== Segment start ==

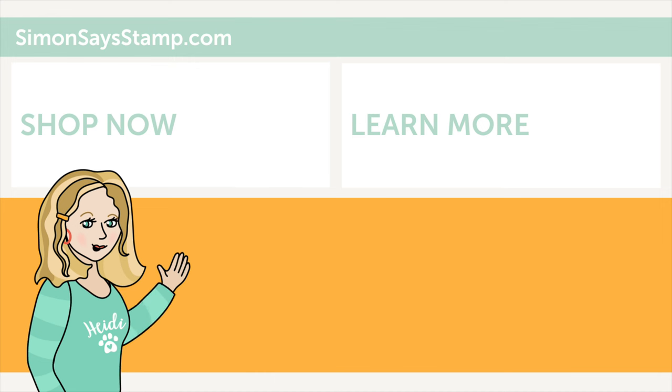Hi there, I'm Heidi, Simon's mama and founder at simonsaysstamp.com. Thank you so much for watching our video — if you like what you just saw, be sure to press the thumbs up and subscribe to see more great content.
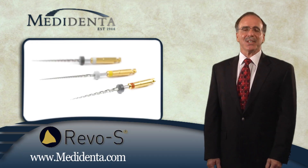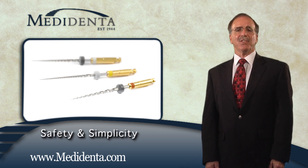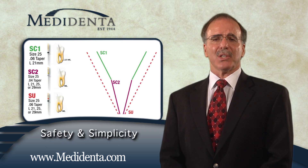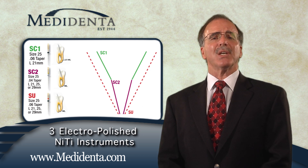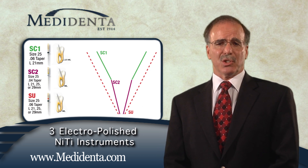REVO-S is a customized endodontic instrumentation sequence for most root canal anatomies, providing safety with simplicity. The REVO-S instrumentation system consists of three electropolished NITI instruments: SC1, SC2, and SU.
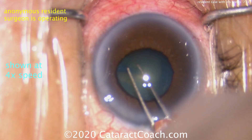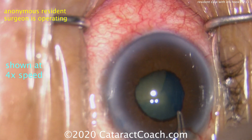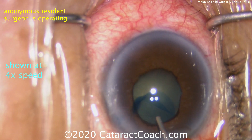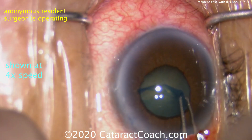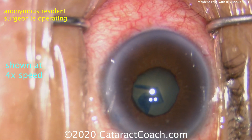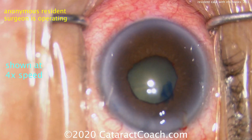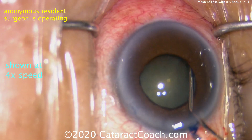Certainly that's a possibility as well. But the catch is, it's harder to visualize the capsulorhexis edge because the pupil is not expanded yet. So more viscoelastic was used for the viscomydriasis, plus another aliquot of viscoelastic. And a good capsulorhexis has been completed.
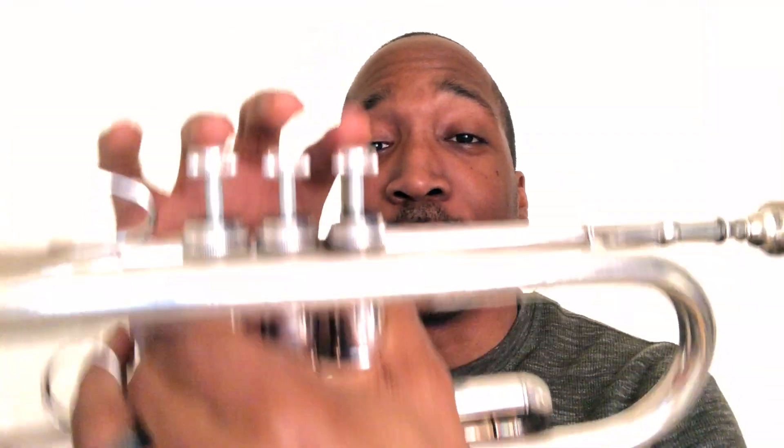Our first two notes are low G and B flat. Low G is played one and three. B flat is played one, with the first valve tuning slot kicked out just a bit.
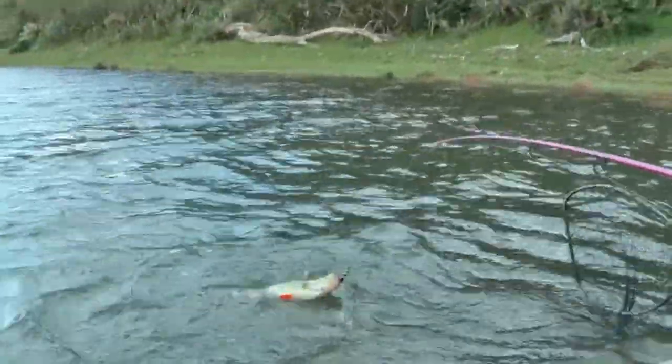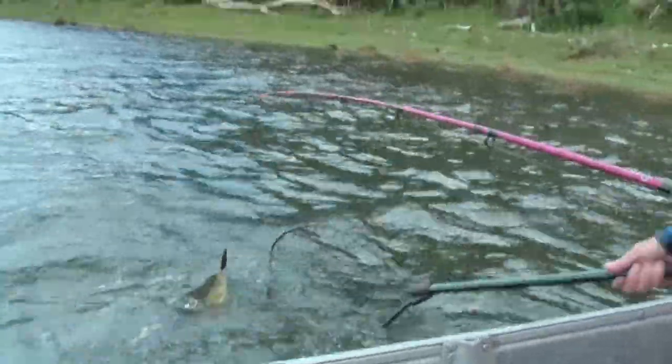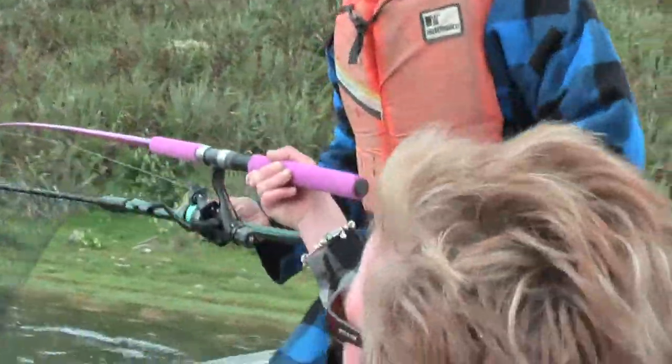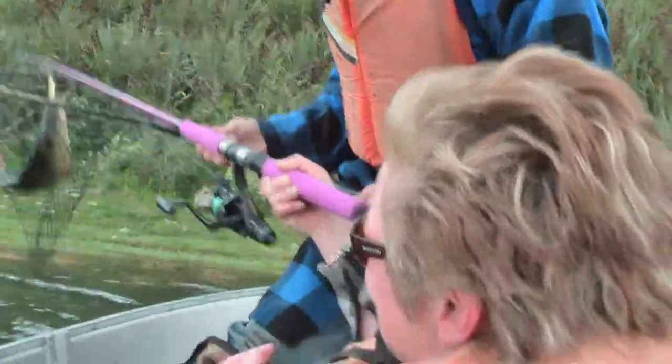No, no — bring your rod back towards the boat. That's it, let it out and get underneath it. Yeah, you're the first fish. Oh my god, it's a perch.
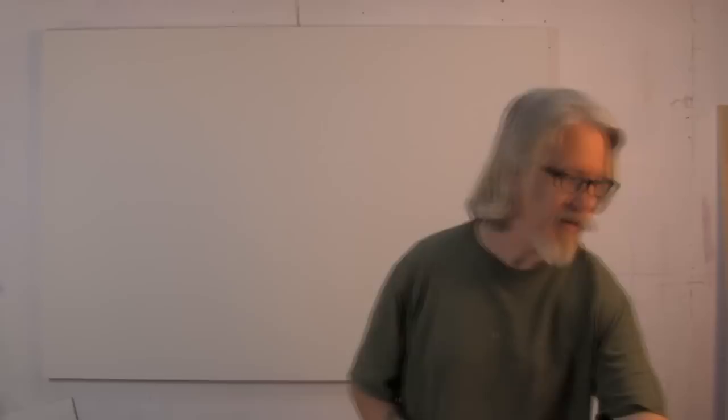Hi, I'm Andy Morris and welcome to Art with Andy. Today we're going to be doing an abstract landscape painting and we're going to use some collage elements in it.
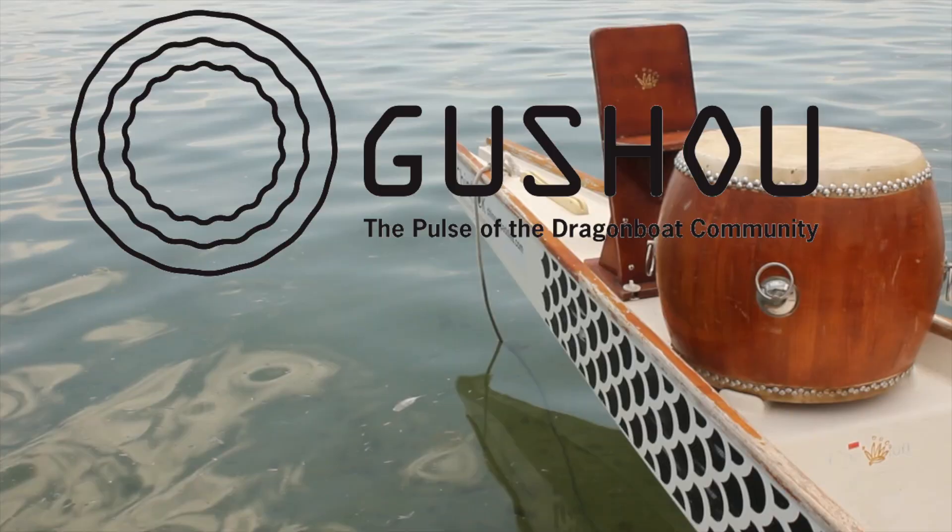What would you like Gushu to talk about next? Tweet to us at GoGUSHU or like us on Facebook and drop us a comment.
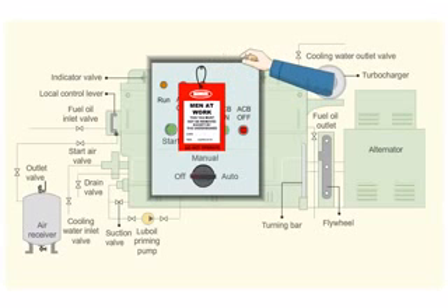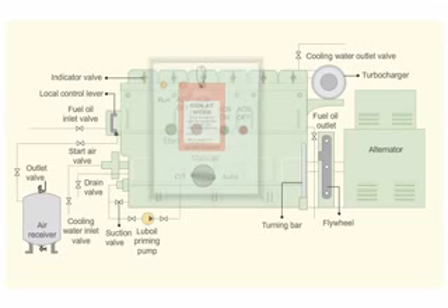Display a warning board showing when at work. Shut the air outlet valve in the air receiver. Shut the start air valve. Open the indicator valves.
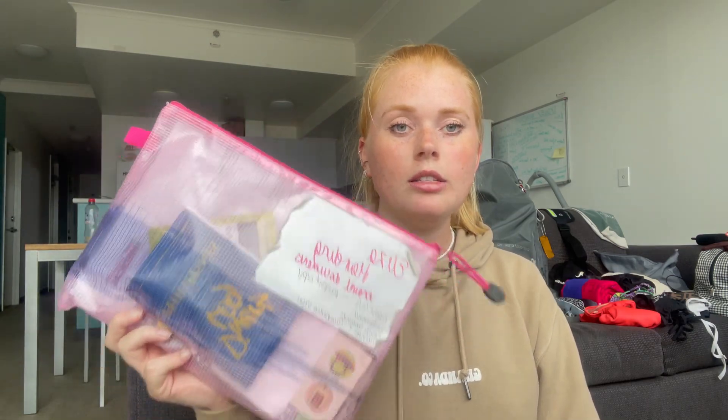I put my travel documents in a bag — including my dive log book, visas for Cambodia and Vietnam, and health insurance. I also keep sim cards in there so things don't get wet. Then I put in my iPad, phone, portable charger, charging cable, and my jumper. Anything that doesn't fit in the main bag tends to go in the carry-on, as there's quite a lot of extra space.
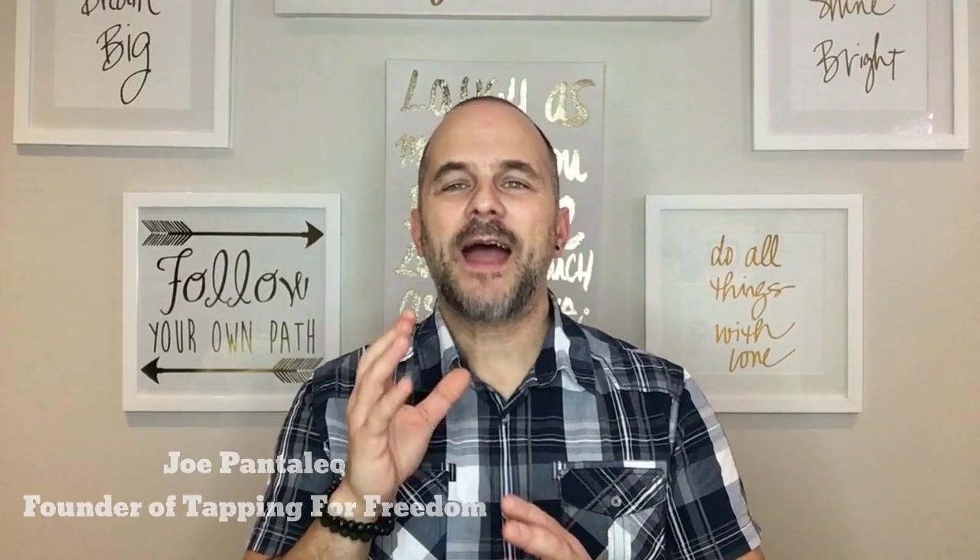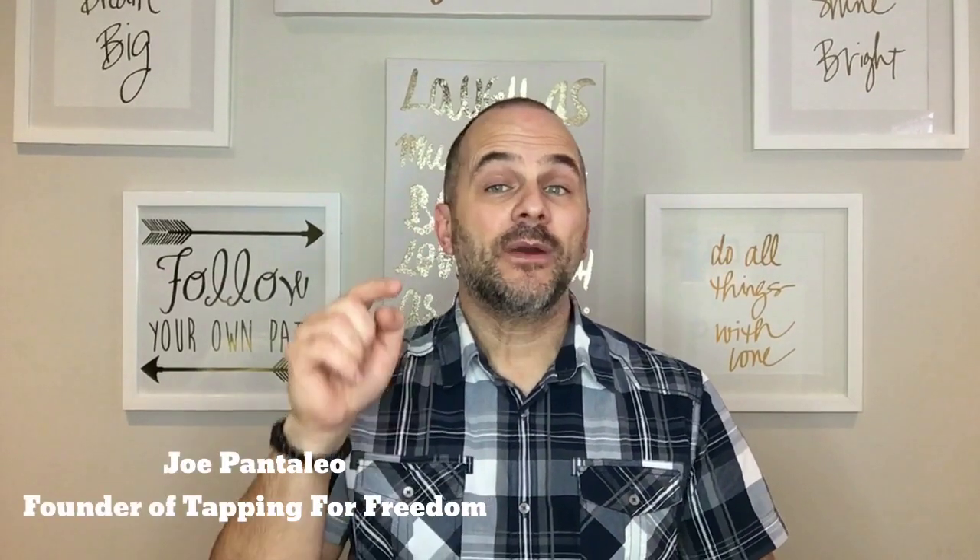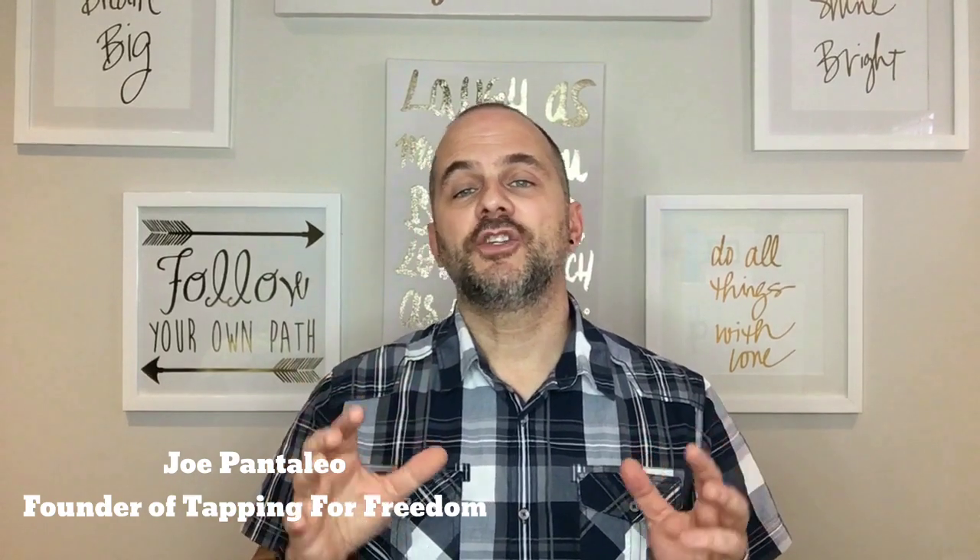Hello everyone, this is Joe Pantaleo, founder of Tapping for Freedom. In this video I'm going to briefly explain to you what tapping is and give you a demonstration. Tapping, also known as EFT which stands for Emotional Freedom Techniques, is a combination of ancient acupressure and modern-day psychology. We call it tapping because we are literally tapping at the endpoints of your meridians while focusing on a certain issue.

== Segment end ==

Please return only the lines from the top of the data through the line with "Certainly that's a", exactly as written, and drop every picture.

Hi there, I'm Heidi, Simon's mama and founder at simonsaysstamp.com. Thank you so much for watching our video — if you like what you just saw, be sure to press the thumbs up and subscribe to see more great content.
REVO-S is a customized endodontic instrumentation sequence for most root canal anatomies, providing safety with simplicity. The REVO-S instrumentation system consists of three electropolished NITI instruments: SC1, SC2, and SU.
Certainly that's a possibility as well. But the catch is, it's harder to visualize the capsulorhexis edge because the pupil is not expanded yet. So more viscoelastic was used for the viscomydriasis, plus another aliquot of viscoelastic. And a good capsulorhexis has been completed.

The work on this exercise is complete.